Bernd Lindemann steht am Anna-Haag-Platz an der Eduard-Steinle-Straße. Die Entfernung zum Kirchturm entspricht der von seinem Balkon aus. Foto: Julia Barnerßoi

Einige Anwohner beklagen sich darüber, dass die Glocken der Martin-Luther-Kirche nun häufiger läuten.

Sillenbuch - Die Kirchenglocken der Martin-Luther-Kirche schlagen über tausendmal am Tag. Vor Ostern waren es rund 600 Schläge weniger. Bernd Lindemann hat das gezählt. Er lebt an der Eduard-Steinle-Straße, der Kirchturm ist nur wenige Meter Luftlinie von der Wohnung entfernt. „Er steht quasi im Schlafzimmer“, sagt er. Das Geläut nervt ihn gehörig.

Vor zehn Jahren ist Lindemann mit seiner Familie nach Sillenbuch gezogen. Damals sei ihm durchaus bewusst gewesen, wie nah die evangelische Kirche ist. „Deshalb haben wir uns vorher beim Pfarramt erkundigt, ob in Zukunft eine Ausweitung des Geläuts zu erwarten sei“, erzählt der 55-Jährige. Das habe die Gemeinde verneint.
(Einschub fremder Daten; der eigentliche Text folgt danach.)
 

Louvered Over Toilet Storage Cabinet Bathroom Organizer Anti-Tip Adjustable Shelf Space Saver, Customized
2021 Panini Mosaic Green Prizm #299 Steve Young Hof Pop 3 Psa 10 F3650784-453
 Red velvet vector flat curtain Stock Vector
Nun hat sie es aber doch getan. Seit Ostern schlagen die Glocken nicht mehr wie bisher um 16 und 19 Uhr, sondern um 7, um 12 und um 18 Uhr zum dreiminütigen Geläut, das zum Gebet aufrufen soll. Das viertelstündliche Läuten, das die Uhrzeit verkündet, ist gleich geblieben.

Schon vor der Ausweitung fand Bernd Lindemann das Glockengeläut „vollkommen idiotisch“, wie er sagt. Zum einen weil jeder eine Uhr habe. Zum anderen, weil das liturgische Geläut in der heutigen Zeit nichts mehr zu suchen habe. Trotzdem habe er es immer akzeptiert, aber jetzt wolle er definitiv zum Zustand vor Ostern zurück. „Ich will mir nicht von einer Minderheit diktieren lassen, dass ich um 7 Uhr aufstehen muss“, sagt Lindemann, der kein Kirchenmitglied mehr ist. Vielen der anderen Anwohner gehe es ähnlich. „Das ist definitiv ein Thema in der Nachbarschaft“, sagt Claudia Lindemann.
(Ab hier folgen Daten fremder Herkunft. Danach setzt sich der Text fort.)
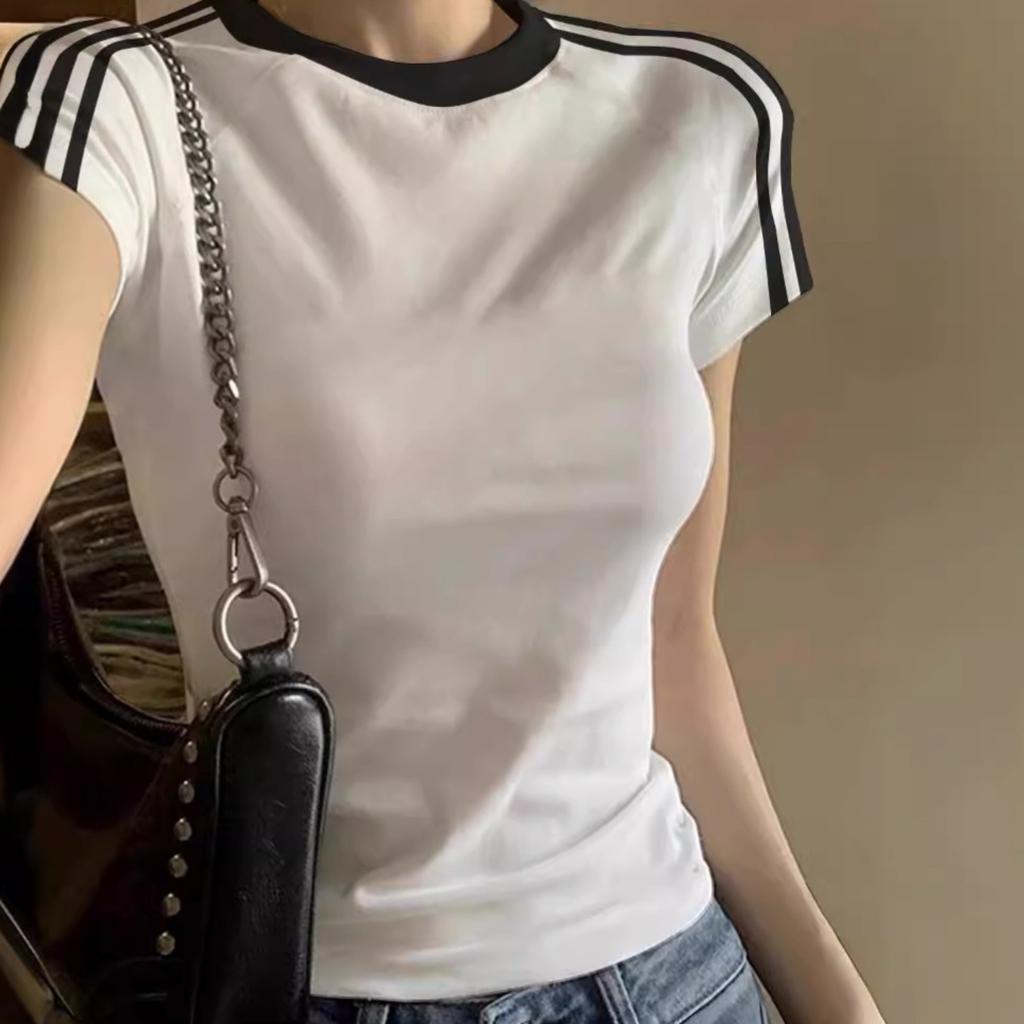 Women's Round Neck Short Sleeve Regular Fit Top Casual Colorblock Cotton T-Shirt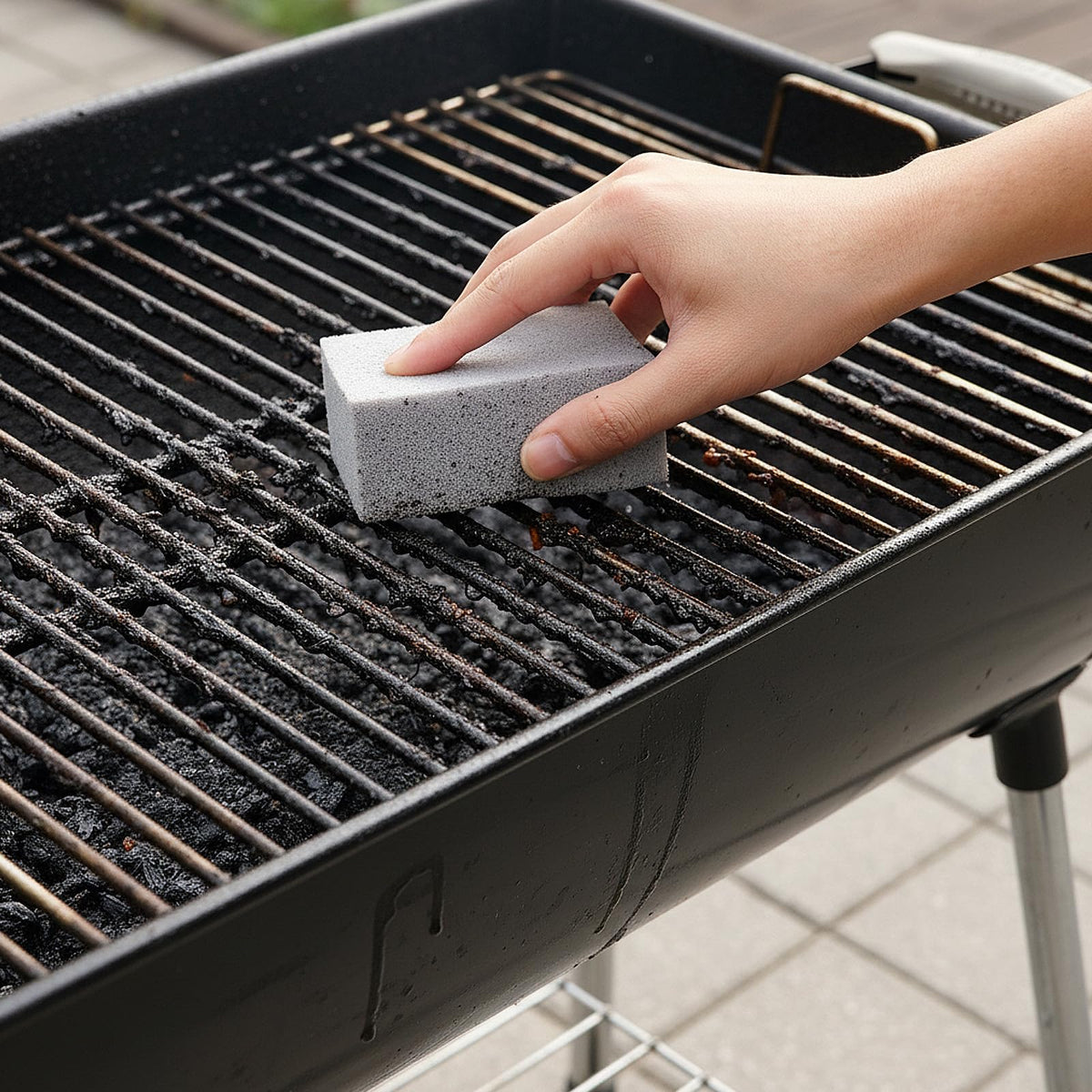 Hatoku grill bricks remove grease from grill grates and BBQ pits efficiently.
„Uns wurde alles bis zum Fundamentalismus vorgeworfen“

Laut Hans-Ulrich Gehring, dem Pfarrer der evangelischen Gemeinde, haben sich tatsächlich einige Sillenbucher über das vermehrte Glockenläuten beschwert. Er bedaure natürlich, dass sich die Leute gestört fühlen. Man habe mit den Reaktionen gerechnet. Trotzdem habe man die Entscheidung bewusst getroffen. Der Kirchengemeinderat habe sich viele Gedanken gemacht. „Der Prozess hat vor über zwei Jahren begonnen“, erzählt der Pfarrer. Aus eigenen Überlegungen und einem Gutachten des Glocken-Sachverständigen der evangelischen Landeskirche habe man sich für die neuen Läutzeiten entschieden. „Die Glocken sollen den Tageslauf markieren und zur Besinnung oder zum Gebet aufrufen“, erklärt Gehring den Hintergrund des liturgischen Läutens. Es sei weitaus mehr möglich. Man habe sich aber beschränkt und 7 Uhr statt 6 Uhr gewählt.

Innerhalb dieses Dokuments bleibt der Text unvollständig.